Important Hardware Note: > The sdofmv2_environment.yml file is configured for CUDA 12.8 by default. If your hardware or drivers require a different CUDA version (e.g., CUDA 11.8), please open sdofmv2_environment.yml and modify the pip section at the bottom to match your system (e.g., change cu128 to cu118) before running the setup commands.

Using Mamba:

# Clone the repository
git clone [https://github.com/Joaggi/sdofmv2.git](https://github.com/Joaggi/sdofmv2.git)
cd sdofmv2

# Create and activate the environment (This automatically installs PyTorch and the local package)
mamba env create -f sdofmv2_environment.yml
mamba activate sdofmv2

Repository Structure

.
├── configs/                # YAML configurations for experiments
│   ├── downstream/         # Configs for downstream tasks (F10.7, solar wind)
│   └── pretrain/           # Configs for MAE pretraining (AIA, HMI)
├── notebooks/              # Jupyter notebooks for analysis and visualization
│   ├── analysis/           # Attention maps, PCA, and masking analysis
│   └── downstream_apps/    # How to use downstream scripts (Notebooks) for F10.7 and missing data applications
├── scripts/                # Executable scripts for training and testing
│   ├── pretrain.py         # Main pretraining script
│   ├── finetuning_*.py     # Scripts for downstream finetuning
│   └── test.py             # Script for evaluating checkpoints
├── src/                    # Core source code package
│   └── sdofmv2/
│       ├── core/           # Base model architectures and modules
│       ├── tasks/          # PyTorch Lightning modules (model & data module) for downstream tasks
│       └── utils/          # Helper functions, physical constants and metrics
├── pyproject.toml          # Project metadata and build dependencies
└── sdofmv2_environment.yml # Mamba environment definition file

How to Use

(Note: It is recommended to run all scripts from the root directory of the repository so that file paths to configs/ and src/ resolve correctly.)

1. Data Preparation

Before training or running inference, you need to prepare the dataset. [Explain where to download the data, or provide a command if you have a script for it.]

python scripts/download_data_cache.py --target_dir ./assets/

2. Training the Model

To train the model from scratch, execute the pretraining script and pass the relevant configuration file.

python scripts/pretrain.py --config-name pretrain_mae_AIA.yaml

3. Inference and Evaluation

To evaluate a pre-trained checkpoint on the test set:

python scripts/test.py --config-name pretrain_mae_AIA.yaml

4. Downstream Finetuning

To finetune the model on a specific downstream task (e.g., solar wind forecasting):

python scripts/finetuning_solarwind.py --config-name finetune_solarwind_config.yaml

Results & Visualizations

[Include a brief summary of the model's performance.
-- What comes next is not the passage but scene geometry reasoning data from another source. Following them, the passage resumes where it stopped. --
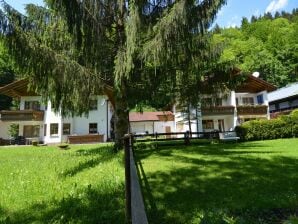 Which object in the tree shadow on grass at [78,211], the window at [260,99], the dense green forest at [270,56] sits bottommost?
the tree shadow on grass at [78,211]

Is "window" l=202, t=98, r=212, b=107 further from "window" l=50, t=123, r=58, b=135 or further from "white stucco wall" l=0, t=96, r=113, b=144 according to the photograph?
"window" l=50, t=123, r=58, b=135

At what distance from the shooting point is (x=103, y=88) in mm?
15148

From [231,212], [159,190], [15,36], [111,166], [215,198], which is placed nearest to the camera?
[231,212]

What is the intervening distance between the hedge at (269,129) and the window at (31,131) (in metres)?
26.7

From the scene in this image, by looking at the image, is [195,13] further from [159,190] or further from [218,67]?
[159,190]

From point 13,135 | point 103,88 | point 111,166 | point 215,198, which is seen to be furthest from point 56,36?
point 13,135

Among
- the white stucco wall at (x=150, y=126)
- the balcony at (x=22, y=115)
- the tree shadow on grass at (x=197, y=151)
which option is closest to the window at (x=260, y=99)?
the white stucco wall at (x=150, y=126)

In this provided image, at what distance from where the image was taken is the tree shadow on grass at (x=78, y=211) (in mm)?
5898

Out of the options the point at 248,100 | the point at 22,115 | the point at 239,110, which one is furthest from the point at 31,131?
the point at 248,100

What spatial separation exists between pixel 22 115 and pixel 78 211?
35754 millimetres

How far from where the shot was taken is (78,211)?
6.34m

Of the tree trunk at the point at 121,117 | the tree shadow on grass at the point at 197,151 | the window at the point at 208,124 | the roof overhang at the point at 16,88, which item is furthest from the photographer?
the window at the point at 208,124

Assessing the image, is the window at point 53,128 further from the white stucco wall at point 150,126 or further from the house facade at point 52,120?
the white stucco wall at point 150,126

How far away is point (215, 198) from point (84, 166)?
5.55 metres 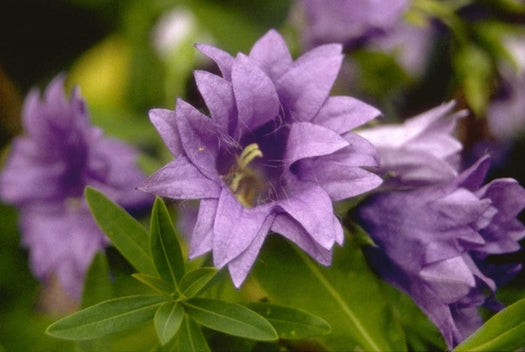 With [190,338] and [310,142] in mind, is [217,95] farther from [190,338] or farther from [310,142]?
[190,338]

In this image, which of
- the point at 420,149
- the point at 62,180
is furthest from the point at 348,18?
the point at 62,180

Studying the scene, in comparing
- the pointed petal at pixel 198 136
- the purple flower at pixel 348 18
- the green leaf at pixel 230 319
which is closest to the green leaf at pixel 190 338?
the green leaf at pixel 230 319

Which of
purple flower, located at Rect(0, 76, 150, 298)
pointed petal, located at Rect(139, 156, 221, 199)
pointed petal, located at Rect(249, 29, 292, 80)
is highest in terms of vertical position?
pointed petal, located at Rect(249, 29, 292, 80)

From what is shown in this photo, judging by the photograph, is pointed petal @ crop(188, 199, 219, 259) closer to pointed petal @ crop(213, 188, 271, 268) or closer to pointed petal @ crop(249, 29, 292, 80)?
pointed petal @ crop(213, 188, 271, 268)

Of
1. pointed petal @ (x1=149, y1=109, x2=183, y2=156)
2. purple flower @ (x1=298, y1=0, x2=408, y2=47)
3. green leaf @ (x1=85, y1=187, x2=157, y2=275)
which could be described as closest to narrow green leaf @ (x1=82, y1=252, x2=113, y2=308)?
green leaf @ (x1=85, y1=187, x2=157, y2=275)

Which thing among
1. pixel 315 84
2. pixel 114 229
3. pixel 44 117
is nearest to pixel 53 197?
pixel 44 117

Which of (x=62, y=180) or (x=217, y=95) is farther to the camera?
(x=62, y=180) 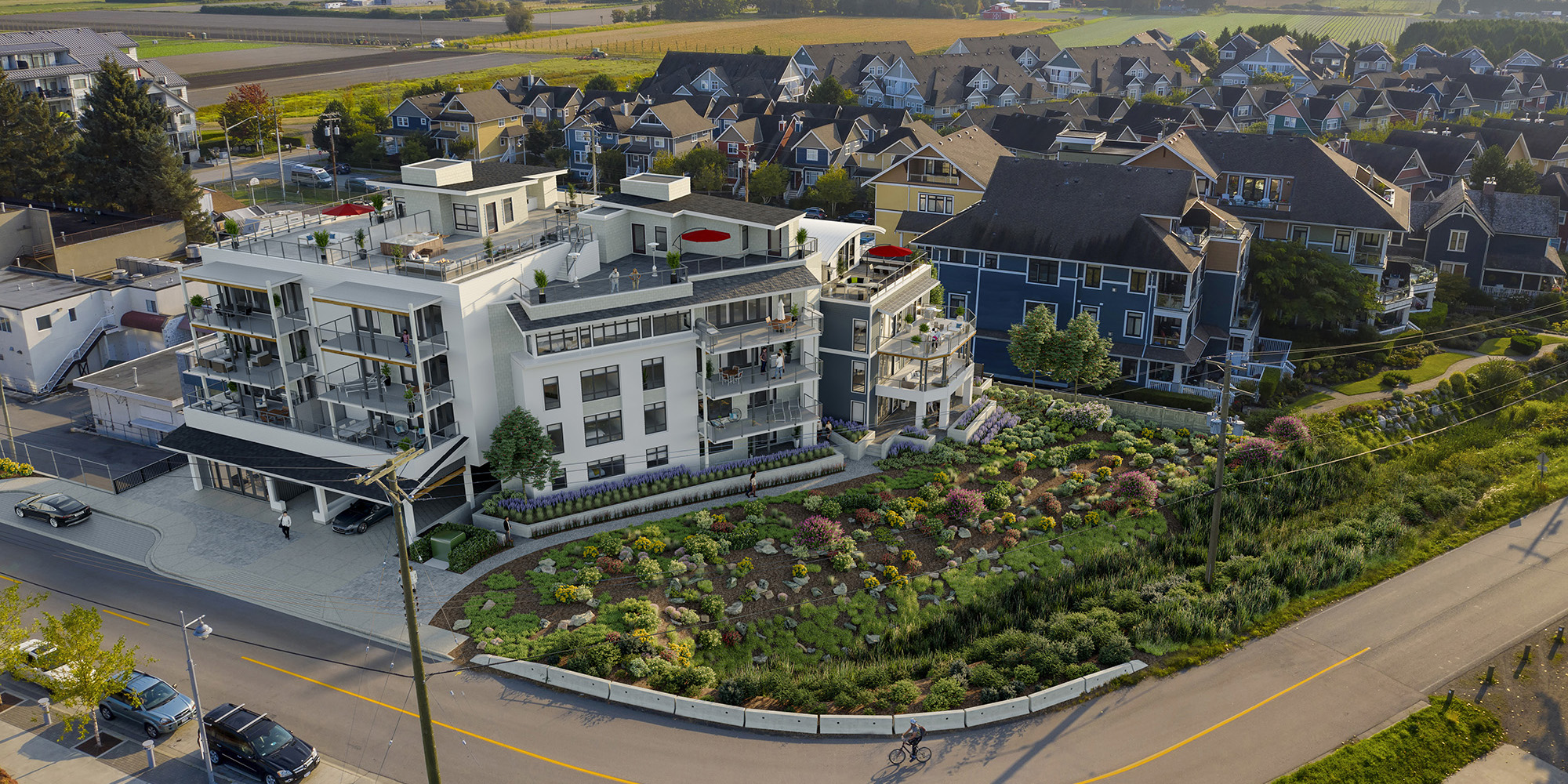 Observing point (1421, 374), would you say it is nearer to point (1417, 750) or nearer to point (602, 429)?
point (1417, 750)

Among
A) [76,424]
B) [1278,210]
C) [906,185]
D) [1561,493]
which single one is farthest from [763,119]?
[1561,493]

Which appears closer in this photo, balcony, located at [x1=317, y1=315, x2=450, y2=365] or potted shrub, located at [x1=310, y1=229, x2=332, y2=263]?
balcony, located at [x1=317, y1=315, x2=450, y2=365]

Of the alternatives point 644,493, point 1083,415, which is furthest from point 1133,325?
point 644,493

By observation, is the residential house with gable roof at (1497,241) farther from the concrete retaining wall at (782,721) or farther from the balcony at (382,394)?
the balcony at (382,394)

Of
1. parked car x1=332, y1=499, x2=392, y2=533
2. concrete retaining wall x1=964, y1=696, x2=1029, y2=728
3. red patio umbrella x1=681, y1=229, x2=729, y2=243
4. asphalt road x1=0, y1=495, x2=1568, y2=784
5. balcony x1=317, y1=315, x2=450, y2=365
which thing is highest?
red patio umbrella x1=681, y1=229, x2=729, y2=243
You can add a table of metrics or a sample plot showing predictions vs. ground truth.]

Sample Visualization The first row displays the original ground-truth images. The second and third rows show the model's reconstructed images using masking ratios of 0% and 50%, respectively.


Citation

If you find this repository or model useful in your academic research, please consider citing our work:

@misc{sdofmv2,
  author = {Hong, Jinsu and Martin, Daniela and Gallego, Joseph},
  title = {SDOFMv2: A Multi-Instrument Foundation Model for the Solar Dynamics Observatory with Transferable Downstream Applications},
  year = {2026},
  publisher = {GitHub},
  journal = {GitHub repository},
  howpublished = {\url{[https://github.com/Joaggi/sdofmv2](https://github.com/Joaggi/sdofmv2)}},
  note = {Jinsu Hong, Daniela Martin, and Joseph Gallego contributed equally to this work}
}

Contributing

Contributions, bug reports, and feature requests are welcome! Please feel free to check the issues page or submit a pull request.

Project details


Download files

Download the file for your platform. If you're not sure which to choose, learn more about installing packages.

Source Distribution

sdofmv2-0.1.0.tar.gz (54.5 kB view details)

Uploaded Source

Built Distribution

If you're not sure about the file name format, learn more about wheel file names.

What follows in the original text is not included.